As I mentioned recently, the ultra-high-performance of the Canon RF 100-300mm F2.8 L IS USM Lens means still excellent image quality with extenders mounted, including the Canon RF 2x Extender. The 2x addition results in a 200-600mm f/5.6 IS lens, and ideal choice for wildlife photography.
So, this combination and I headed out for some birding.
A great blue heron was standing on a small, mostly-submerged log — for a long time. I was having the oft-repeated stay-or-go argument with myself when the bird started looking intently into the water, clarifying that staying won the argument. The bird plunged its head and entire body into the water and came up with a speared sunfish.

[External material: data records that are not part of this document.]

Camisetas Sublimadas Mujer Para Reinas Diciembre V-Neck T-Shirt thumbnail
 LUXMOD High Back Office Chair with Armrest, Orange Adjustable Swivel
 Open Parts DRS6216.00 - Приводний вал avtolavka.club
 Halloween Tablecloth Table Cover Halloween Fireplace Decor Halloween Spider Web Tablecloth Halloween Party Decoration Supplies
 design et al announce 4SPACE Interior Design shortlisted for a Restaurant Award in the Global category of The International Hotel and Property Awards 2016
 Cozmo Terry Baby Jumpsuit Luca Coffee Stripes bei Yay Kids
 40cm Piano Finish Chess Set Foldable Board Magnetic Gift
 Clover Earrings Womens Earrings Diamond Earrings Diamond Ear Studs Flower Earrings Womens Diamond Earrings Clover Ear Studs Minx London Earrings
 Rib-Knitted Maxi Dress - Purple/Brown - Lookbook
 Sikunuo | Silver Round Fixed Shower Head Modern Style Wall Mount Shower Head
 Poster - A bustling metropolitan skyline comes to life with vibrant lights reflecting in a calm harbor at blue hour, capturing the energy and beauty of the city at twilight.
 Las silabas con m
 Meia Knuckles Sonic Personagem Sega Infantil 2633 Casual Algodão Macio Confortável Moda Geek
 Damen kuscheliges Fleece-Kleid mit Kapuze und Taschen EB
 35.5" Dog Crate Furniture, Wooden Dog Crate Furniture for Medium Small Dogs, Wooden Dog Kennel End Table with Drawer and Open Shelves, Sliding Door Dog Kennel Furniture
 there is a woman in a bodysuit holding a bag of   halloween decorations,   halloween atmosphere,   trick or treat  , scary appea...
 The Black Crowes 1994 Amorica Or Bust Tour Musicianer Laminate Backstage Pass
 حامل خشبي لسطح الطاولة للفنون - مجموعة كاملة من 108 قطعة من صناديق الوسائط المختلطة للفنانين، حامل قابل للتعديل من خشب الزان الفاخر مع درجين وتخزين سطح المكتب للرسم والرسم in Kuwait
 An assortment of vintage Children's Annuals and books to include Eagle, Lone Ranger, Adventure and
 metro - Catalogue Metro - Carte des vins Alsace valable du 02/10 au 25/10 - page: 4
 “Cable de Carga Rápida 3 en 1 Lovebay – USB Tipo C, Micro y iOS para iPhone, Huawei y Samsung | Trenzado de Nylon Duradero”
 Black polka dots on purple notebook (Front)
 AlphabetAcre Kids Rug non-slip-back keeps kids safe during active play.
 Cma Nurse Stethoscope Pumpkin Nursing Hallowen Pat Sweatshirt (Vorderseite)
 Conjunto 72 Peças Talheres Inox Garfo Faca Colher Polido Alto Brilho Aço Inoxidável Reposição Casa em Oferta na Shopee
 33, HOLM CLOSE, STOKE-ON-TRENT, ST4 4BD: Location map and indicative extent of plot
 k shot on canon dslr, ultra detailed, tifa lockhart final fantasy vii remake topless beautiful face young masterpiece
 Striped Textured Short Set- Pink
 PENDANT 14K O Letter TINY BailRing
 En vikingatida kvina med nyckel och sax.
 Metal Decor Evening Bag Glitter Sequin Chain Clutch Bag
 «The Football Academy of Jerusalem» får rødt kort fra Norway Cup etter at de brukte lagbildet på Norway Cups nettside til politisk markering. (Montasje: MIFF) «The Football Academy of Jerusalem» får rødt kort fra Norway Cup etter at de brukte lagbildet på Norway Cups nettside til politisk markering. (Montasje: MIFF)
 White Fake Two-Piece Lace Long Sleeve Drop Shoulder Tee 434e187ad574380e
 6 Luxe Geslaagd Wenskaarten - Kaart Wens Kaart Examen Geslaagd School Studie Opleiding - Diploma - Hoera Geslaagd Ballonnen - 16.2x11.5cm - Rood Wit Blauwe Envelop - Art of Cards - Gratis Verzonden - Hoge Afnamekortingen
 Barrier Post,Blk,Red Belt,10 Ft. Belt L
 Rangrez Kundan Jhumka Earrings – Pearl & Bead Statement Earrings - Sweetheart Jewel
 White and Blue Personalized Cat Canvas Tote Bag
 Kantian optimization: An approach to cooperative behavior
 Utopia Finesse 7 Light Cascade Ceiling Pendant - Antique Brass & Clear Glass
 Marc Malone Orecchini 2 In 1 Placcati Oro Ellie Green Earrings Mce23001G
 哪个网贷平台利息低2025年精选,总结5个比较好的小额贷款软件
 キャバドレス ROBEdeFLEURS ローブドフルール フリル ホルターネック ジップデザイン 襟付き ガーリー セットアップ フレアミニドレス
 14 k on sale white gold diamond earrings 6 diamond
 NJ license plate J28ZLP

I know, these birds do this every day — it is how they survive. However, what the bird did was incredible.
Duckweed covers the entire surface of the water (except where the plunge just occurred), making underwater visibility from above water, even for a bird, seemingly impossible, but this heron performed a perfect strike at the extent of its reach under these circumstances. Upon shaking the duckweed from its feathers, the heron turned slightly toward the camera for an "I'm so cool" hero pose.
Significant foreground obstructions mean limited openings for shooting in this location, and I couldn't move any further away from this great blue heron. The Canon RF 600mm F4 L IS USM Lens is my usual choice for the selected location. While that lens has a 1-stop aperture advantage, it lacks the other focal lengths. The RF 100-300 with the 2x in place provides the 600mm angle of view while enabling zooming out to 339mm from this GBH vantage point for a full-body image.